Client agrees to pay Zwelly for the Project rendered under this Agreement at the rate specified in Schedule A.

Client agrees to make a fifty percent (50%) non-refundable down payment prior to commencement of the Project. Zwelly will start the Project once the down payment is received. The remaining 50% payment is due upon completion of the Project and before any original artwork for the Project is supplied to Client. Payment shall be made within thirty (30) days of Client’s receipt of final invoice. Payment shall be made by cash or check to Zwelly Co. LLC or by PayPal (by request only).

If the final invoice is not paid within 30 days of the Project being completed, a five (5) percent fee will be charged to Client. An additional 5 percent fee will be added to each recurring 30-day period until the full amount due has been received by Zwelly. Client shall pay all costs of collection, including without limitation, reasonable attorney fees. In addition to any other right or remedy provided by law, if Client fails to pay for the Project when due, Zwelly has the option to treat such failure to pay as a material breach of this Agreement, and may cancel this Agreement and/or seek legal remedies.

7 – Work Product Ownership

Any copyrightable works, ideas, discoveries, inventions, patents, products, or other information (collectively the “Work Product”) developed in whole or in part by Zwelly in connection with the Project will be the exclusive property of Zwelly. Upon request, Zwelly will execute all documents necessary to confirm or perfect the exclusive ownership of Zwelly to the Work Product.

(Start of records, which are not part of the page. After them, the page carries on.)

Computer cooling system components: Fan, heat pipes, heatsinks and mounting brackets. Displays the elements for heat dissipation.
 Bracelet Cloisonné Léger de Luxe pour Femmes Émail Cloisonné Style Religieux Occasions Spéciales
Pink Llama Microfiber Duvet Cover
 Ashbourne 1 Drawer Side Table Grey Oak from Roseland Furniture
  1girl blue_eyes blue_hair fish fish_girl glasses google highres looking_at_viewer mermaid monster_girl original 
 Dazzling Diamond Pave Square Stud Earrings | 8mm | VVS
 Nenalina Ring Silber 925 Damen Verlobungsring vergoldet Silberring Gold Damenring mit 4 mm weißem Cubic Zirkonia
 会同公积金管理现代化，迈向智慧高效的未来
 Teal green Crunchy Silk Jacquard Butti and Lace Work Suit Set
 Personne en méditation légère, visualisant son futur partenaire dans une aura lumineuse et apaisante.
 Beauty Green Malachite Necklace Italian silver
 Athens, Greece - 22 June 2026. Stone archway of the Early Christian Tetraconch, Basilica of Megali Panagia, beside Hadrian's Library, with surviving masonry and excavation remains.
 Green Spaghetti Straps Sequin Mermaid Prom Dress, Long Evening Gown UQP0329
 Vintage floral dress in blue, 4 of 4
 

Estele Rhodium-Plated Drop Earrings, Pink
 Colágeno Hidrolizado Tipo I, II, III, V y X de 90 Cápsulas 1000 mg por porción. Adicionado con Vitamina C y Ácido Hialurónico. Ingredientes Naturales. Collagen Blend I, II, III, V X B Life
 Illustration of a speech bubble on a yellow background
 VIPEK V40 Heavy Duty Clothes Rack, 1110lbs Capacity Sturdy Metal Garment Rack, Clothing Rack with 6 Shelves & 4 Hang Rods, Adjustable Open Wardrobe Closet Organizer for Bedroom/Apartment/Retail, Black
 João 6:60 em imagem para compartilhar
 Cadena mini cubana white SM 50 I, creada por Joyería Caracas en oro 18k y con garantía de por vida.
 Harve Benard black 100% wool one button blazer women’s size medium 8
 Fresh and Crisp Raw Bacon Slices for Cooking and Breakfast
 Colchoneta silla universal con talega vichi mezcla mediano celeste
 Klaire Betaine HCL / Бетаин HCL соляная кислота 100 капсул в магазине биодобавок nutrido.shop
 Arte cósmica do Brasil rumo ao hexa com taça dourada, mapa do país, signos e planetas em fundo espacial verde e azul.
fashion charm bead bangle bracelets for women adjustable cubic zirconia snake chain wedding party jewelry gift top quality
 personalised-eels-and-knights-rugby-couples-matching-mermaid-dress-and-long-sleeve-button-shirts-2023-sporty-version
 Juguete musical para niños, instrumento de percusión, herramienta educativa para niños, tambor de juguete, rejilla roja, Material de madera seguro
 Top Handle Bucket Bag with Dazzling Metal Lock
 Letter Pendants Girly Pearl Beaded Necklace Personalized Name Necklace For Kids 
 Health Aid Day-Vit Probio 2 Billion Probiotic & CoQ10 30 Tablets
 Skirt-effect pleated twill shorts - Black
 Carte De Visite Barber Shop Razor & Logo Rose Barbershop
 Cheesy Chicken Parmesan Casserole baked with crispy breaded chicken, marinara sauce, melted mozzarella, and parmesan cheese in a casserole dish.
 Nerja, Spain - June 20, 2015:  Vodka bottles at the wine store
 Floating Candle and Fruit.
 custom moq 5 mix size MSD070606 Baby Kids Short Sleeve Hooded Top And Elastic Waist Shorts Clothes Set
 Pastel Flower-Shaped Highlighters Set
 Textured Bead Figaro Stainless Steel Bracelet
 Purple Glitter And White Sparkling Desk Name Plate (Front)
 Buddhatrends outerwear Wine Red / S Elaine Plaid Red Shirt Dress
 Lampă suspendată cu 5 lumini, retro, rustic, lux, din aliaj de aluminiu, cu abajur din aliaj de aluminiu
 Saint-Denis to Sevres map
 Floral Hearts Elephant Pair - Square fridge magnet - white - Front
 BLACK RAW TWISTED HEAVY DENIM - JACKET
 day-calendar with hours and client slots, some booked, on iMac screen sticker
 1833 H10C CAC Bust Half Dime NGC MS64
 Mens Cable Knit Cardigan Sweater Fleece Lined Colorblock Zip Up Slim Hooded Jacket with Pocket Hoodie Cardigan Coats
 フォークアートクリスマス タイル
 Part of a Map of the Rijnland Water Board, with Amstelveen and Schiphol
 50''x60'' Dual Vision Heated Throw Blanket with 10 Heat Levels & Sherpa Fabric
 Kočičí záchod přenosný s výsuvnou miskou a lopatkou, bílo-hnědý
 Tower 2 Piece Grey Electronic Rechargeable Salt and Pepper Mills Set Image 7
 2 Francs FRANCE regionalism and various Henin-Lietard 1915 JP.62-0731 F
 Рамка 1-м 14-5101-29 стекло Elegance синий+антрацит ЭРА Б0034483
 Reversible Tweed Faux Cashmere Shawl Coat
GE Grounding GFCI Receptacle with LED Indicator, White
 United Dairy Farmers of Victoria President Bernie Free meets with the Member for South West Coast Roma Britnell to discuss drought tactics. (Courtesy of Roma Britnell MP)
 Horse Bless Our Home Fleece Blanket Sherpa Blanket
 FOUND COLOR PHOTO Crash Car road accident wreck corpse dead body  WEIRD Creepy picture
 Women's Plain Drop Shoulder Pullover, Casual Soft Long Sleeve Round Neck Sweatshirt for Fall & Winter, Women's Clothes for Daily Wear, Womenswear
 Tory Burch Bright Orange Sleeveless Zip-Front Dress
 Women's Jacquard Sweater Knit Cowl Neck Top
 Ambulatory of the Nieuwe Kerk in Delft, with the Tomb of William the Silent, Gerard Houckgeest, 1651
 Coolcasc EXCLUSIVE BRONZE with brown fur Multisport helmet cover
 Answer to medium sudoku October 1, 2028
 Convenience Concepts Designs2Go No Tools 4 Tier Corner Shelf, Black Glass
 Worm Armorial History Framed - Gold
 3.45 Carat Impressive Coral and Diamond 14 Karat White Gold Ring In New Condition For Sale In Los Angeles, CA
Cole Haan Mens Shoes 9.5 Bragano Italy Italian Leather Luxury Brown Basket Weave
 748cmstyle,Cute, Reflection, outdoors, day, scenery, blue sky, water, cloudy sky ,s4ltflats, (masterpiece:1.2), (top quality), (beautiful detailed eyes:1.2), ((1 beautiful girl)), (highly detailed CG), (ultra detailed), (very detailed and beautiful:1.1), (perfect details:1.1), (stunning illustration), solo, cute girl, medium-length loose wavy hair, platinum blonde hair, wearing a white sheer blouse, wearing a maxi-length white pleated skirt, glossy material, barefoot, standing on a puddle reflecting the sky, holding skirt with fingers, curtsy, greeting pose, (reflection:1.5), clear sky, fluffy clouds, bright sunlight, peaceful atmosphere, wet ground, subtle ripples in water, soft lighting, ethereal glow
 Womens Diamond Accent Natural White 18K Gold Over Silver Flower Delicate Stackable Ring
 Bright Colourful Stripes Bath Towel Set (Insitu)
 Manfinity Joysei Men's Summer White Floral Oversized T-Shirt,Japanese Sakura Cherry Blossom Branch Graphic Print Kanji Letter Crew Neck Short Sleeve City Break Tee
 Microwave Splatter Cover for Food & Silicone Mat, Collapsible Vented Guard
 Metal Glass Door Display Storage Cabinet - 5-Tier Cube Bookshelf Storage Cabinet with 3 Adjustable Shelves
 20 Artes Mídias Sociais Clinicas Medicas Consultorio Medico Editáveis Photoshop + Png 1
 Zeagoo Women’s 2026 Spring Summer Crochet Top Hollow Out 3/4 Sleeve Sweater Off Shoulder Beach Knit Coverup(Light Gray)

8 – Reproduction of Product

Upon successful completion of all payment terms set forth in Section 6, Client is granted full and unlimited reproduction rights to the Project.

Zwelly retains full rights to reproduce the Project in any form for marketing, future publications, competitions or other promotional uses. Zwelly shall at no time reproduce the Project for use in commercial means or for-profit use. Client may not reproduce or otherwise use design mock-ups, concepts, drafts, sketches, or other Project –related materials created by Zwelly during work on the Project but not included into the final version of the Project. Such artwork belongs solely to Zwelly who may use it at his own discretion.

The Client shall inform Zwelly in writing prior to the Project Start Date if any material or information provided is confidential.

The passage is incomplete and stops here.